That isn't going to be good for the 1.5V battery

Dave

#### Gryd3

Jun 25, 2014
4,098
Paralleling uneven voltages is never a good plan
The higher voltage is going to discharge into the lower voltage source ie. the 3V into the 1.5V.
That isn't going to be good for the 1.5V battery

Dave
If resistors were in place to limit the amount of reverse current through the lower voltage source, would there be a mathematical formula that could be used to determine the voltage at any given point in a circuit given 2 or more different voltage sources?

#### (*steve*)

##### ¡sǝpodᴉʇuɐ ǝɥʇ ɹɐǝɥd
Moderator
Jan 21, 2010
25,510
If resistors were in place to limit the amount of reverse current through the lower voltage source, would there be a mathematical formula that could be used to determine the voltage at any given point in a circuit given 2 or more different voltage sources?
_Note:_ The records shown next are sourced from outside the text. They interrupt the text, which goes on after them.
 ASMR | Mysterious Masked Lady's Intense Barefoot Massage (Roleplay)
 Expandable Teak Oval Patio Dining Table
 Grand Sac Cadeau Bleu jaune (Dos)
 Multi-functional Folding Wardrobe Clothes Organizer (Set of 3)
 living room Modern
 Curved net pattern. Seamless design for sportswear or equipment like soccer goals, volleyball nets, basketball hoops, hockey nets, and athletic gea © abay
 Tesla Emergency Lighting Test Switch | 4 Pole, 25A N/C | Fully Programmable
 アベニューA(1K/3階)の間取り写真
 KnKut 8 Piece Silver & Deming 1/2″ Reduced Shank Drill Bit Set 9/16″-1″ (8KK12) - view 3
Yes. (this assumes certain things about the batteries, but for high enough resistances it is easy enough to do)

If you do the MITx 6.02x you'll learn many of the mathematical tricks needed to determine the exact formula you need (or system of equations you need to solve) for almost any configuration

#### Laplace

Apr 4, 2010
1,252
If resistors were in place to limit the amount of reverse current through the lower voltage source...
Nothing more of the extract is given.